▶ _Task_: Write out an exact copy of the line containing "Người dân nô" and all lines that follow it in the data below, leaving out pictures.

▶ _Supplied data_:
-- Opening Marker --

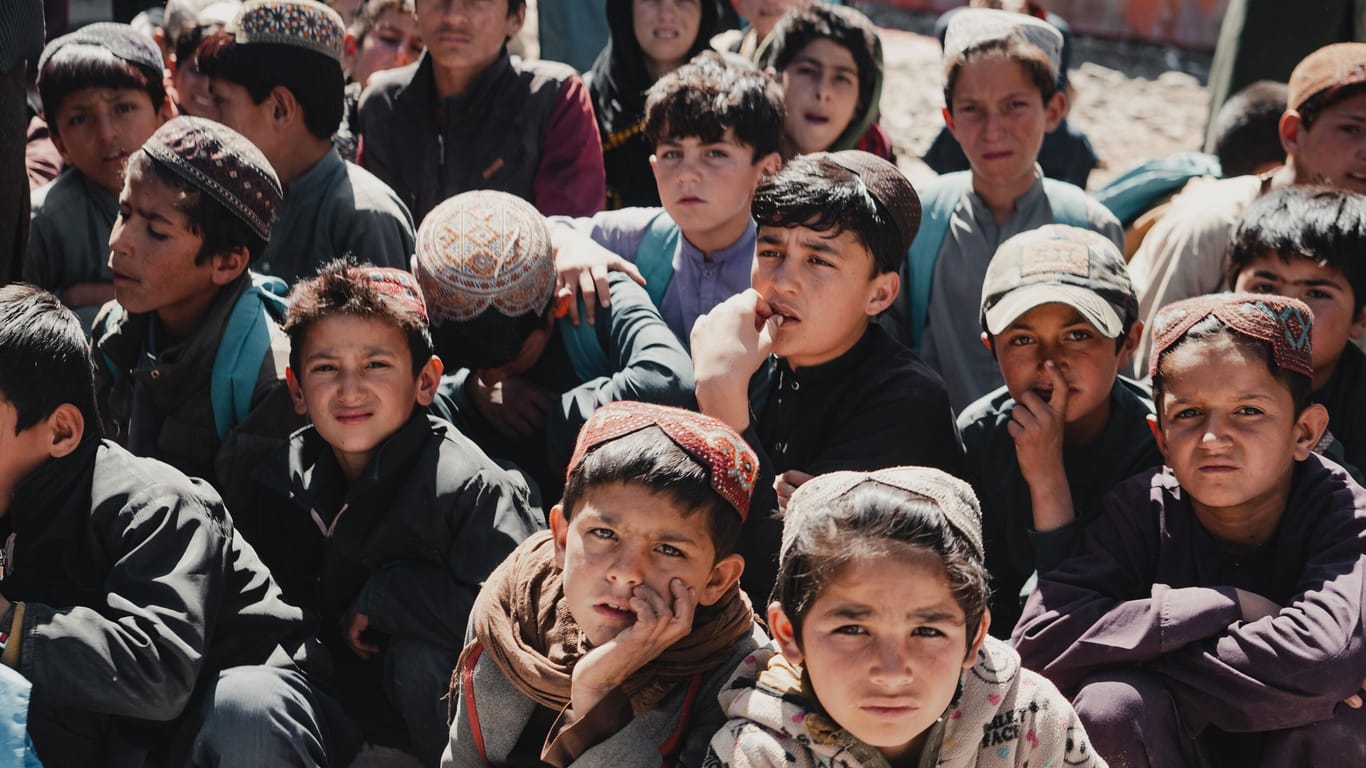 Waisenkinder in der afghanischen Stadt Herat: Viele Kinder haben im Krieg mit den Taliban ihre Eltern verloren.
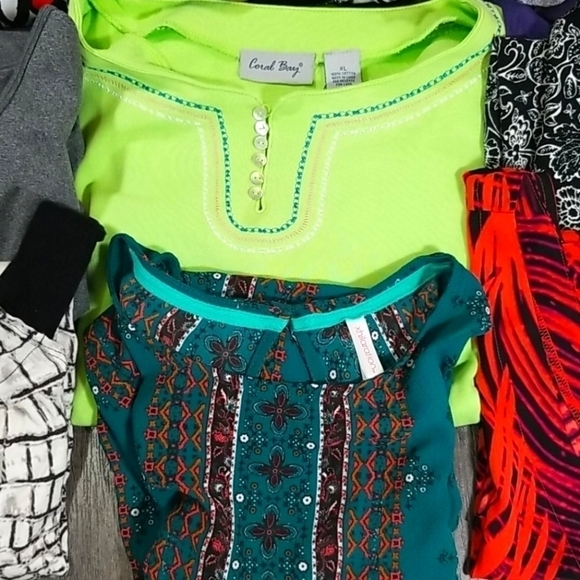 Closet Clearout Lot of 9 Tops - Picture 14 of 15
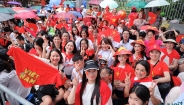 Người dân nô nức xếp hàng từ trưa chờ xem sơ duyệt diễu binh tối 27/8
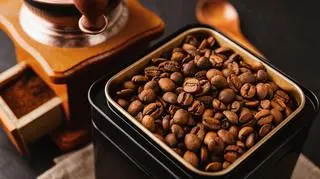 Wielu robi ten błąd przy przechowywaniu kawy. Czego unikać, by ziarna nie traciły mocy?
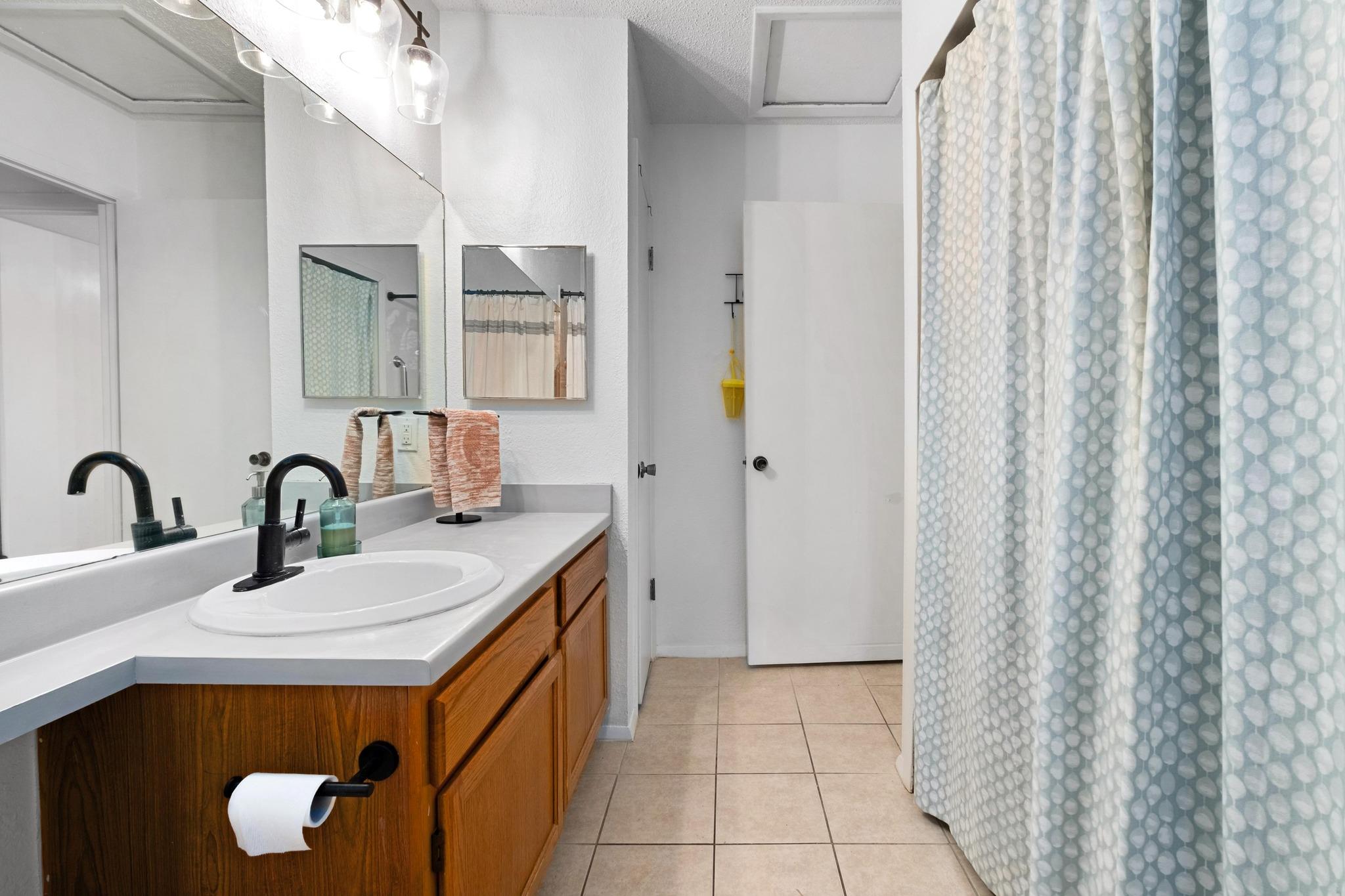 11901 Swearingen Dr # 43-I, Austin, TX 78758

-- Closing Marker --

▶ _Response_:
 Người dân nô nức xếp hàng từ trưa chờ xem sơ duyệt diễu binh tối 27/8
 Wielu robi ten błąd przy przechowywaniu kawy. Czego unikać, by ziarna nie traciły mocy?
 11901 Swearingen Dr # 43-I, Austin, TX 78758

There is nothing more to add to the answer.